Ночь на крыльце
Ночь на крыльце
Я дёрнул входную дверь дома Озолина, она, конечно, была заперта, во всех пяти высоких окнах — ни огонька. Несколько раз обошёл вокруг дома, как 27 лет тому назад утром 4 ноября Софья Андреевна, приехавшая из Ясной. Устал ходить, сел на крыльцо в три ступеньки. Была уже глубокая ночь, слипались глаза, захотелось спать. Положив под голову сумку, что была со мной, прилёг и быстро уснул, как в бездну провалился. Так всю ночь до рассвета и проспал на крыльце этого скорбного дома. На рассвете меня разбудил свисток паровоза.
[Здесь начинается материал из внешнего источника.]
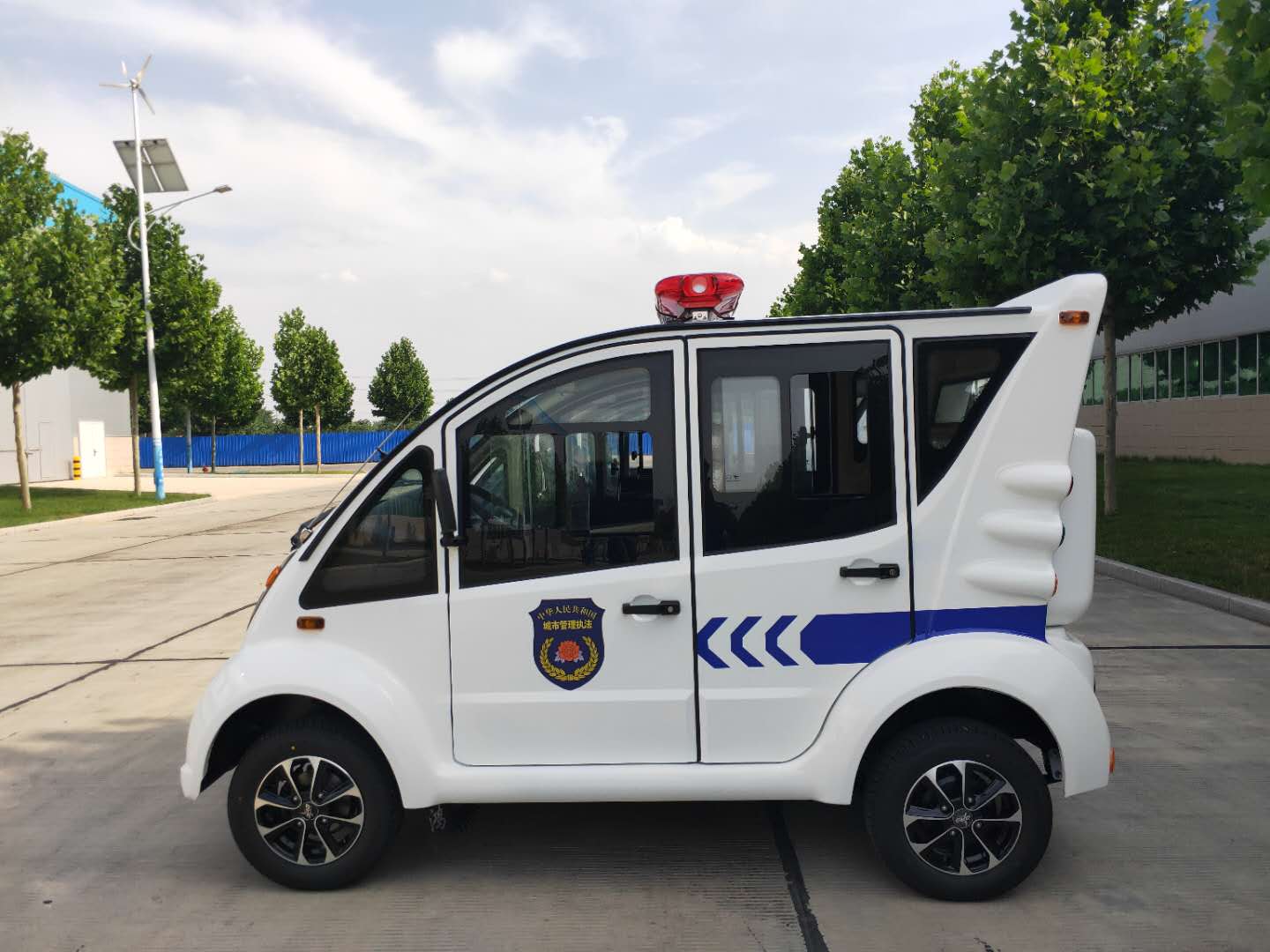 青海西寧采購(gòu)電動(dòng)執(zhí)法車  開(kāi)啟低碳環(huán)保執(zhí)法(圖3)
А тогда, в 910-м, на станцию нагрянуло много народа — жена, все дети, кроме Льва Львовича, который был в Париже, журналисты московских и тульских газет, братья Пате, кинематографщики, как называл их Толстой, всё фиксировали на плёнку для будущего документального фильма. Есть пронзительный кадр из этого фильма: Софья Андреевна — мы видим её со спины — в длинном чёрном пальто, в белом платке припала к правому от входа окну, пытаясь хоть что-то разглядеть внутри, где лежит умирающий муж. Ведь её, по настоянию самого больного, не пускали в дом, опасаясь его излишнего волнения. Она вошла в комнату только за 45 минут до смерти. Постояла «минут восемь», как записал скрупулёзный Маковицкий, поцеловала в темя, «потом её увели».
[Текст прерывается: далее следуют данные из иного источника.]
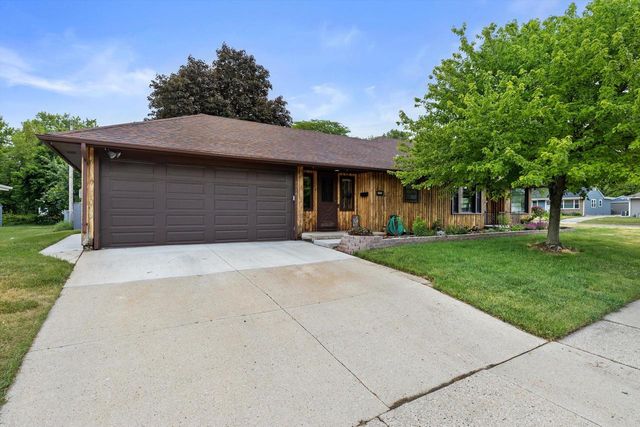 1116 E Racine AVENUE, Waukesha, WI 53186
Из тех, кто был здесь в те дни, я застал в живых и знал только знаменитого пианиста Бориса Александровича Гольденвейзера, часто игравшего для Толстого и партнёра по шахматам. Ну, как «знал»! Просто в студенческие годы нередко видел на концертах в Большом зале консерватории, а однажды сидел рядом в его постоянном третьем ряду. Он умер в 1961-м, будучи уже года на три старше Толстого.
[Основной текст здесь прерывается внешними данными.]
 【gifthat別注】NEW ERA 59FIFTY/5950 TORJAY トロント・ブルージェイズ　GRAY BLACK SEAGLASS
Так вот, не после посещения Ясной Поляны или музея в Хамовниках, не после того, как положил руку на кожаный чёрный диван, на котором Толстой родился, не после прочтения «Войны и мира», не после безмолвного стояния у его могилы, не после фильма Бондарчука, о котором я ещё и написал большую статью, а гораздо раньше — после той бесприютной летней ночи до рассвета на крыльце дома Озолина я, отрок, на всю жизнь ощутил какую-то странную, необъяснимую, мистическую близость к Толстому, постоянный интерес к нему. Может быть, потому, что за полгода до этого умер мой любимый отец и загадка жизни и смерти уже томила юный ум? Не знаю… Конечно, мне тогда неведомы были строки Фета, которые так любил Толстой:
Не жизни жаль с томительным дыханьем.
Что жизнь и смерть? А жаль того огня,
Что просиял над целым мирозданьем,
Ив ночь идёт и плачет, уходя.
И какой огонь над мирозданьем мог я тогда знать! Однако…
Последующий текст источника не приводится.